Over the past decade, cremation has surpassed traditional burial as the method of choice for disposing of the human body after death.
The burial rate in Connecticut in 2010 was 53.8 percent, according to the Wisconsin-based National Funeral Directors Association. Burials represented 53.3 percent of all disposal of remains in the United States in 2010.
Next year, the burial rate in Connecticut is expected to drop to 37 percent, according to the NFDA. By 2040, cremation is expected to account for 82 percent.
Officials with the trade association and local funeral directors differ on the reason for the surge in the cremation rate.
Mike Nicodemus, licensed funeral director and NFDA vice president of cremation services, said two of the main reasons for the continued rise in cremation rates are cost and the perceived environmental impact of traditional burials.
“Baby oomers have been a significant factor in this shift and their preferences will inform decisions made by the funeral profession for years to come,” Nicodemus said.
Ed Sheehy, president of the Riverview Funeral Home in Shelton and the Edward F. Adzima Funeral Home in Derby, said cremating a loved one rather than burying them offers flexibility as well as a cost saving. Sheehy also is president of the Connecticut Funeral Directors Association.
“Our society is so mobile these days and people who may be coming to pay their last respects live all over the country,” he said. “It allows for some options in terms of scheduling a memorial service or some other kind of remembrance.”
Sheehy said cremation also offers easier portability of the remains if the deceased requested to be buried in a distant location.

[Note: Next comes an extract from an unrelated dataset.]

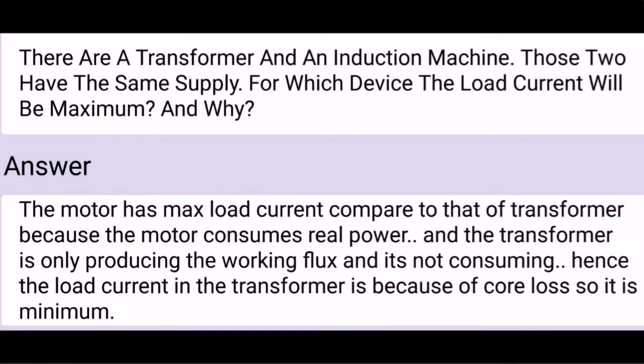There is a transformer and an induction machine. Those two have the same supply. For which device will the load current be maximum, and why? The motor has maximum load current compared to that of the transformer, because the motor consumes real power, whereas the transformer is only producing the working flux and not consuming real power. Hence the load current in the transformer is due to core losses, so it is minimum.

The primary cost savings associated with cremation comes through a reduction of cemetery costs.
“You can save between $5,000 and $10,000 in cemetery costs by not going with a traditional burial,” he said.
And that translates into a significant loss of revenue for cemetery operators over time.
One of the nation’s largest companies in that business, Texas-based Service Corporation International, told shareholders in 2015 that for every one percent of customers that chose cremation over traditional burial, the company takes a $10 million hit in revenue.
Some cemetery operators have responded by adding new fees. Sheehy said that in some cases, Connecticut cemeteries have added “second interment” fee for adding cremated remains to a plot where family members already are buried.
Dale Fiore, general manager of Evergreen Cemetery in New Haven and a past president of the Connecticut Cemetery Association, was not immediately available for comment on what the increase in cremations has meant to the trade group’s members.
Cremation offers a flexibility that extends beyond scheduling paying last respects to the deceased and the portability of ashes in an urn.
Urns now come in bio-degradable form that Sheehy said allows for burial at sea without a loved one’s ashes being blown away in a strong wind.
And at least three companies offer biodegradable urns that contain seeds that will allow ashes to become part of a memorial tree, although Sheehy said that accounts for only about one percent of the business at his two funeral homes.
A slightly more elaborate option is purchasing jewelry that has compartments to hold a portion of a loved one’s ashes, he said. That accounts for between 5 percent and 10 percent of the business at Sheehy’s funeral homes.
“Most people still just scatter their loved one’s ashes,” he said.